My Lords, I cannot give the precise number. Literally thousands of scientists were involved in putting together this report. I understand that some 600 key scientists were involved from 2001 to 2007, the period between the third and fourth report, but with several thousand more peer- reviewing the work of those scientists to come to the unanimous report that was produced. I cannot say how many of those were British, but there is a contribution from this country.

As for the international action, we are required under the international agreements—the Kyoto agreement and others—to produce a climate change programme, which we did last March. There are ongoing discussions around the world at various times. This is a further scientific assessment of where we have got to, in some ways complementing the Stern report, which concentrated more on the economics.

My Lords, are the British Government one of those who signed up to the agreement in Paris last week that the United Nations structures needed to be strengthened when dealing with the environment and that there needed to be an agency or organisation more powerful than the environment programme of the UN to handle this issue? If they did subscribe to that view, what are they going to do about it?

My Lords, I am sorry, but I do not have an answer to the noble Lord’s specific question. The point is that we have welcomed the report and fully endorsed its conclusions at its publication last week. I shall have to take further advice on the detail of the other part of the noble Lord’s question.

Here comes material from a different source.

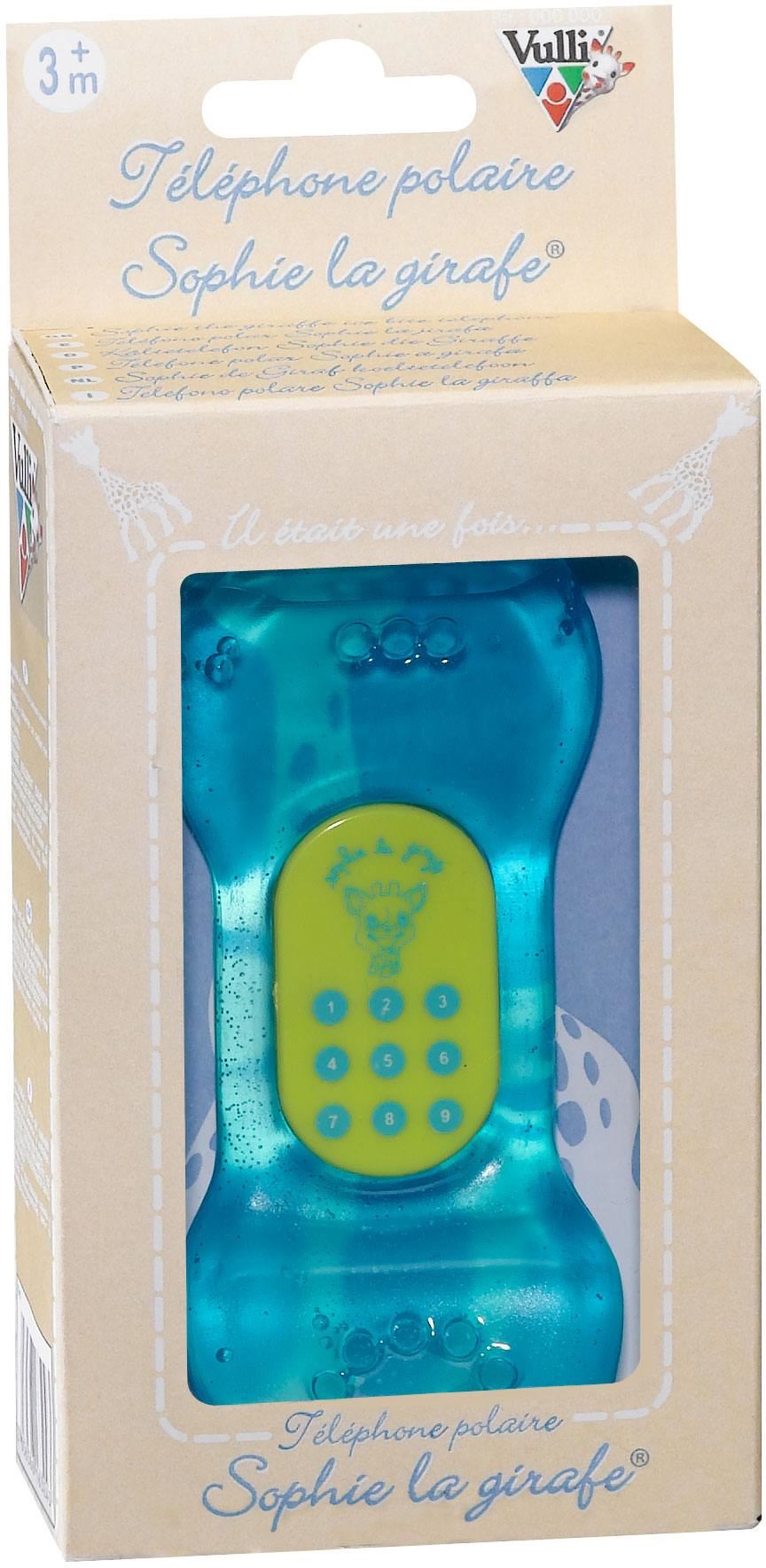 Sophie The Giraffe Double Ice Bite Teething Ring By Vulli Gift Box Mimbarschool Com Ng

My Lords, is the Minister aware that the press conference in Paris last week given by United Nations bureaucrats in this area bore very little relation to the careful conclusions of the scientists themselves as manifested in the report, which is there in summary form for policy makers and anybody else to read? What the scientists say—

My Lords, is the Minister aware that what the scientists say does not determine what is sensible economic policy? That is the big question in this area. Finally, may I congratulate the Government on their insincerity on this issue, in making it quite clear by their actions that they do not actually mean what they say about this?

My Lords, the noble Lord himself was present at a counter-report by the Fraser Institute which, according to Wikipedia, is a reactionary conservative think-tank based in Canada. That report, published yesterday, which the noble Lord endorsed, misrepresents the international panel’s conclusions, selectively quotes from the report and distorts the evidence by presenting it out of context without any recognition whatever of the full breadth of the analysis. I can give examples to back up every one of those assertions if required.

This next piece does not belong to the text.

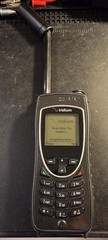 Iridium 9575 Extreme Satellite Phone Bundle – Excellent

My Lords, one area that the Paris meeting emphasised was the warming of the oceans and the accelerating rise of sea levels. When will the Government start to put together and present a strategy to the House on adaptation, especially in relation to sea defences, particularly given the fact that we have extreme weather events? However successful we are in reducing emissions, we will have rising sea levels for several years to come.

My Lords, indeed we are, and an awful lot of work is being done by CEFAS, the laboratory agency of Defra, on rising sea levels to know where to place defences so that they can be effective. It is not necessarily the case that all sea defences can be effective. There is evidence in the report published last week showing potential rises in sea levels that are going to cause catastrophic problems for people around the world. Those problems are not just for one Government to deal with; they are intergovernmental. There will clearly have to be sea defences as well as organised movements of population.

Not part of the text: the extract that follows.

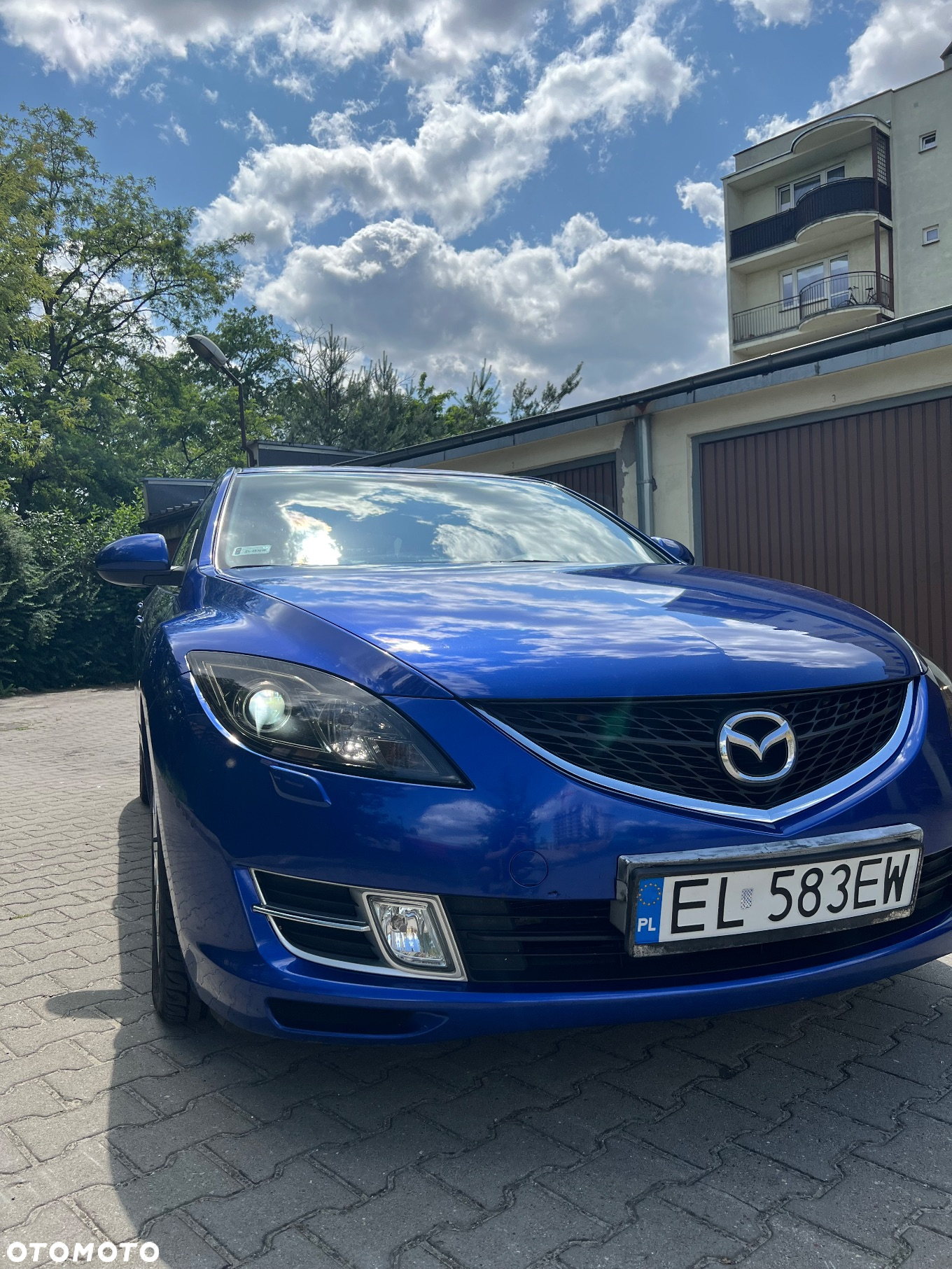 Mazda 6 2.0 Exclusive - 23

My Lords, on that point, have the Government taken into account what the Stern report and this international panel of experts have said about the danger of tidal surges—not least the consequences for London, the public transportation system in London and the Thames barrier?

My Lords, I am not au fait with updates on the Thames barrier, but it has probably been used a lot more than was planned. Work is in hand longer term on reinforcing the Thames barrier because, on the evidence of the Stern report and the report issued last week, it will not do the job that will need to be done. The position is much more serious now.